# standard errors for computing means via OLS regression

Suppose I have a variable $$y_{i,t}$$ which is say a well-being index for individual of type $$i$$ in month $$t$$. There are 2 types of individual, $$A$$,$$B$$, which are mutually exclusive, and three non-overlapping periods $$t1$$, $$t2$$, $$t3$$, so that the entire sample periods consists of those three periods.

If I want to estimate the mean of $$y$$ for each type of individual and each period, along with standard errors for the hypothesis that the mean is 0 for that individual type and period, I can either do it normally (selecting the relevant part of the dataset and computing the mean), or I could run a regression:

$$y_{it} = \beta_1 D_A D_{t1} + \beta_2 D_A D_{t2} + \beta_3 D_A D_{t3} + \beta_4 D_B D_{t1} + \beta_5 D_B D_{t2} + \beta_6 D_B D_{t4}+\epsilon_{it}$$

where $$D_A$$ equals one if individual is of type $$A$$ and 0 otherwise, and $$D_{t1}$$ is 1 if we are in time $$t1$$ and 0 otherwise. The remaining variables are defined analogously.

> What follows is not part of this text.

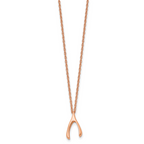 Stainless Steel Polished Rose IP-plated Wishbone 16in Necklace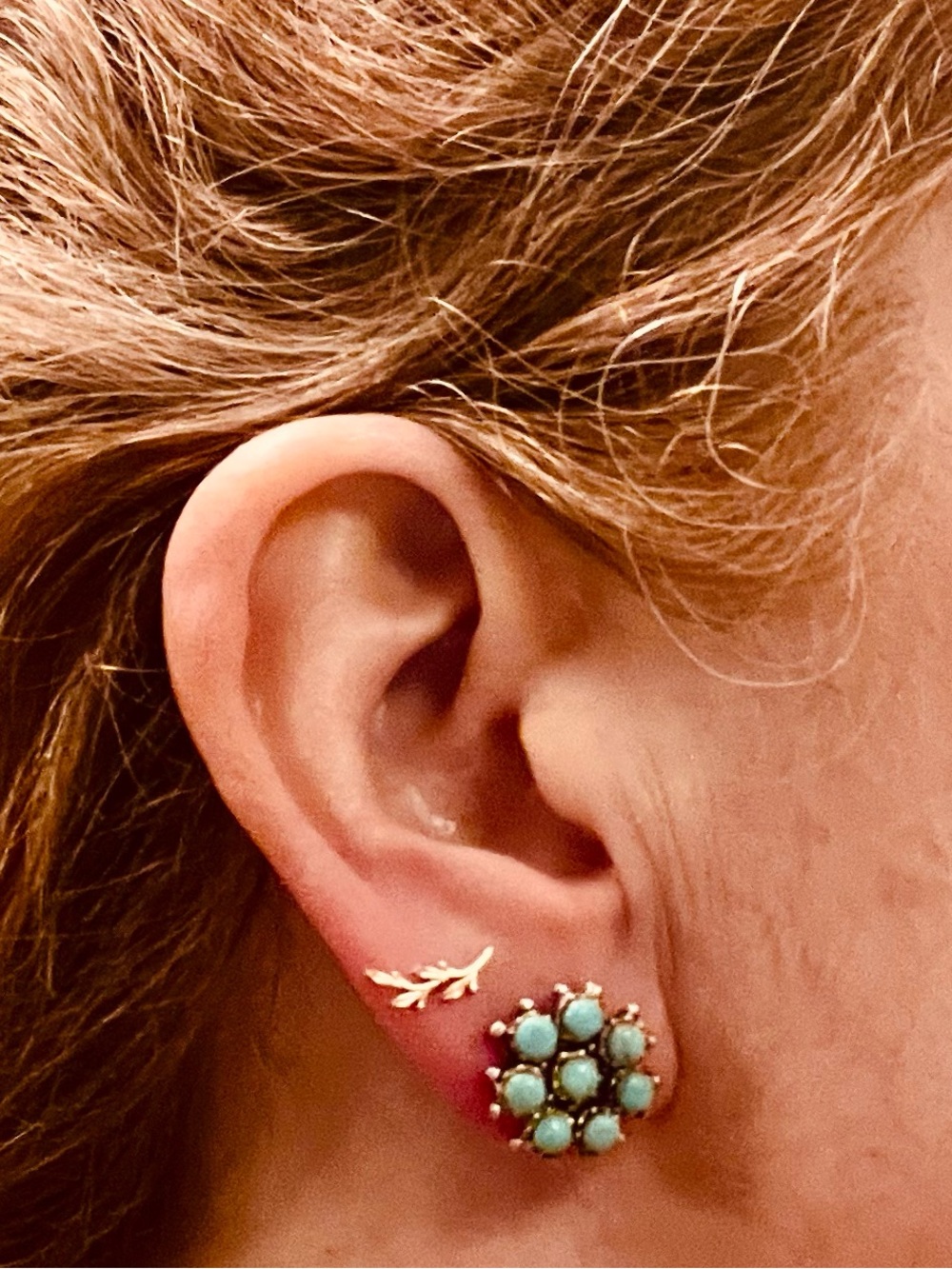 Zuni turquoise sterling silver cluster stud earrings - Picture 3 of 4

My interpretation is that $$\beta_1$$ is the mean of the dependent variable for individuals of type $$A$$ in period $$1$$. Is this the correct interpretation?

Also, is it necessary to adjust the standard errors in any way? Since periods and individual types are mutually exclusive, I assume not.

Your interpretation of $$\beta_1$$ is correct. It should be pretty easy to verify by comparing the 6 coefficients to the 6 type x period means.